Hope also has a dinner theater, the Actors Studio of Hope, which puts on several productions per year in the Willow Leaves venue on the town square.

Groundhog Day (February 2) is celebrated in Hope on the town square with local dignitaries in costume viewing the prediction of a local groundhog, currently Hope the Groundhog, or her brother Frank, from the local Utopia Wildlife Rehabilitators.

Hope's supporters and organizations such as Main Street of Hope have been vigorous in attracting business to the town, despite its small size. In addition to the usual amenities, town businesses include a pizza place, a Mexican restaurant, a cafe, an antique shop with a lunchroom, which also hosts the dinner theater, a salon, a funeral home, a dental office, a library, two parks, a bank, a pharmacy, a hardware store and gas stations with convenience stores.
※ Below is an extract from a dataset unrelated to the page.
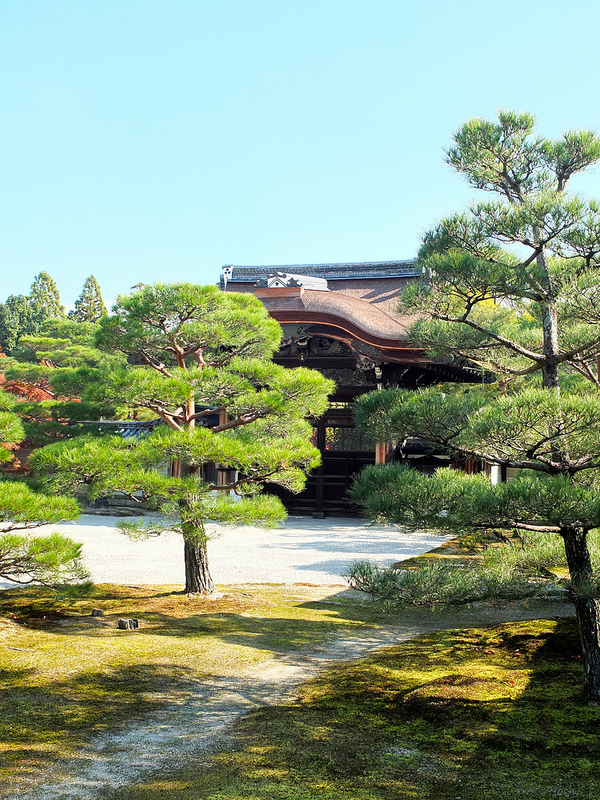 京都仁和寺賞楓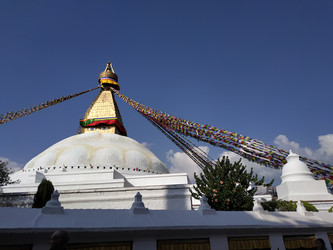 Similar image 22608520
Author Philip Gulley has a series of novels, beginning with A Place Called Hope, set in Hope, Indiana, concerning a pastor who moves to Hope to take over a Quaker congregation. Although the town in the books is called Hope, Indiana, it does not greatly resemble the real Hope and there is no Quaker congregation in the real Hope.

==Cemeteries==

===Moravian Cemetery===
The Moravian Cemetery has a historic section with 1,070 graves that were organized by the choir system, separating the graves by gender and marital status. This tradition follows the custom in Herrnhut, Germany, where Moravians found sanctuary from religious persecution. The grave markers are often flat slabs because Moravians believe in equality after death. Some graves have a flat slab and a footer area for flowers, a mixture between a box tomb and a cradle, that is unique to this cemetery.